The Pin Index Safety System (PISS) is a means of connecting high pressure cylinders containing medical gases to a regulator or other utilization equipment. It uses geometric features on the valve and yoke to prevent mistaken use of the wrong gas. This system is widely used worldwide for anesthesia machines, portable oxygen administration sets, and inflation gases used in surgery.

Concept

The pin index safety system uses a face seal between the cylinder valve and the associated yoke clamp. There are two holes in specific positions on the cylinder valve body below the outlet port , in positions associated with the gas mixture, which prevent connection of the cylinder to a yoke or pressure regulator with a mis-matched set of pins. The holes accept pins 4 mm diameter by 6 mm long which are correctly aligned with the holes.[1]

Pin index configurations

Pin numbers

Each gas cylinder has a pin configuration to fit its respective gas yoke. Refer to the diagram for pin numbers; dimensions are in millimeters.

  • O2: 2,5[2][3][1]
  • N2O: 3,5[2][3][1]
  • Mixture of O2 and N2O (50% / 50%), commonly called Entonox: 7 (a single pin, located in the centre)
  • Air: 1,5[3][1]
  • Mixtures of CO2 and O2 with more than 7% CO2: 1,6[2]
  • Mixtures of CO2 and O2 with less than 7% CO2: 2,6[2]
  • He: No pin[1]
  • Mixtures of O2 and He with less than 80% He, commonly called Heliox: 2,4[2]
  • Mixtures of O2 and He with more than 80% He: 4-6[2]
  • Cyclopropane: 3,6[2]
  • Ethylene: 1,3[2]
  • Nitrogen: 1,4[1]

International Standards

  • International (ISO) and European (CEN) Standard
  • EN ISO 407 : Small medical gas cylinders - Pin-index yoke-type valve connections

The pin index system is a safety system (PISS) designed to ensure the correct gas is filled into the correct cylinder, and that the cylinder will only connect to the correct equipment. The positions of the holes on the cylinder valve correspond with the pins fitted to the yoke attached to the equipment. The pin positions for each medical gas are unique. If an attempt is made to fit the wrong gas cylinder to the yoke a tight seal will not be made, as the pins cannot locate.[citation needed]
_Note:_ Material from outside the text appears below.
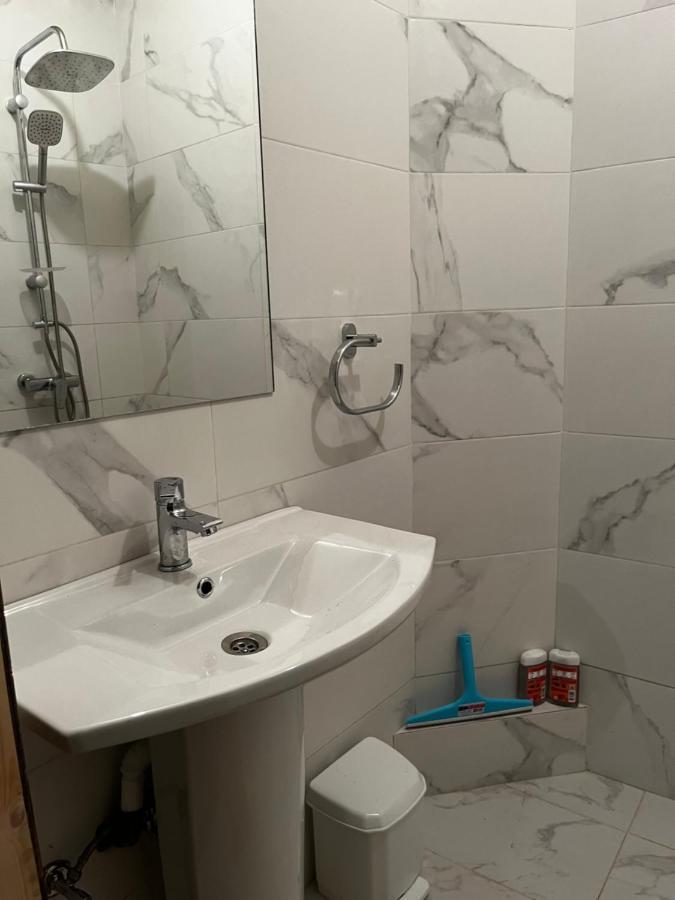 Appartement Dans Residence Avec Piscine Marrakesh Exteriör bild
The system requires a seal between the yoke and valve to prevent leakage. This is called a Bodok seal, and is a moulded rubber washer (or Neoprene) supported by a metal rim.[1]

Bodok seal

Bodok Seal

The Bodok seal is a specialised washer that ensures a gas-tight seal between the cylinder yoke or regulator of an anaesthetic machine or any medical device requiring a gas supply, and a gas cylinder. It was introduced along with the pin index safety system during the 1950s.

Attachment and detachment of a gas cylinder leads to constant wear and tear, due in part to mechanical distress and to gaseous compression and expansion. Adiabatic effects in rapidly expanding compressed gases can generate very low temperatures, necessitating a sufficiently durable and cold-resistant material such as neoprene. Prior to the introduction of the Bodok seal, the traditional fibre washer would frequently splay and cause leakage or adhere to the regulator, thus requiring the use of pliers and considerable force to remove it.
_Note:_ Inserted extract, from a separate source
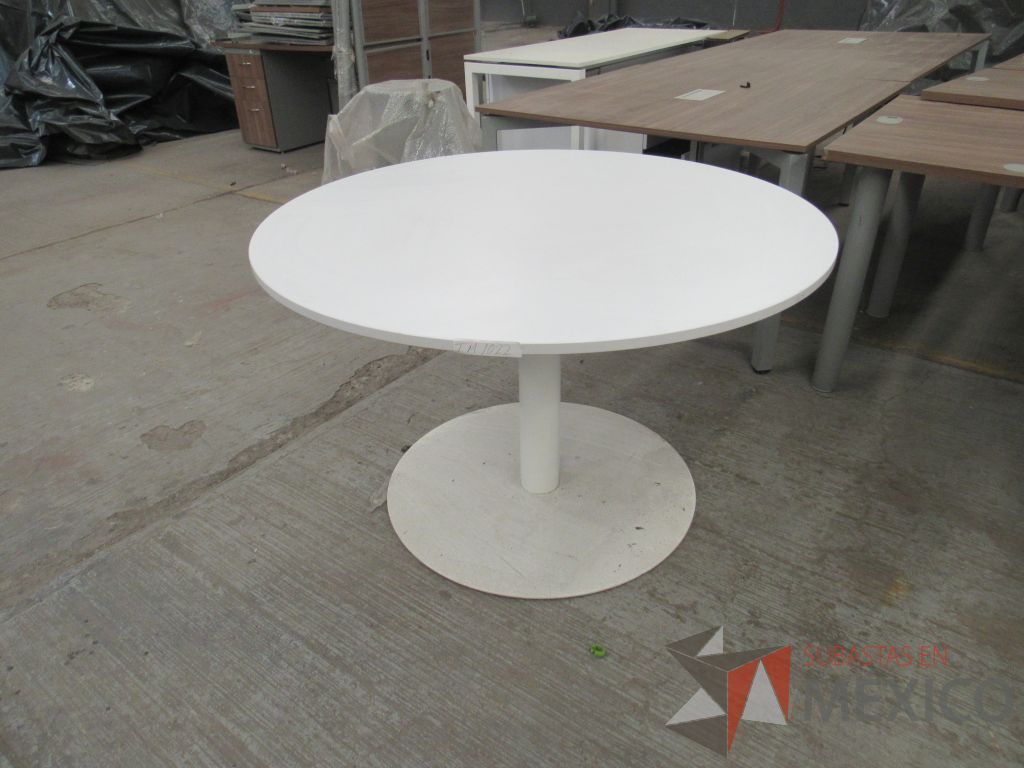 Lote 078 - Mesa de trabajo circular para 4 personas con base metálica y cubierta color blanco - Imagen 14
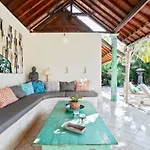 Villa Aisis Seminyak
The Bodok seal consists of a neoprene washer with a peripheral metal reinforcing ring to prevent splaying. The seal is incombustible and resistant to the high pressures imposed upon it by cylinder gases, approximately 2,000 psi (140 bar) in a full cylinder.

Care must be taken when replacing gas cylinders that the Bodok seal does not stick to the cylinder valve face, and is thus 'lost' when the new cylinder is fitted, preventing a gas tight seal.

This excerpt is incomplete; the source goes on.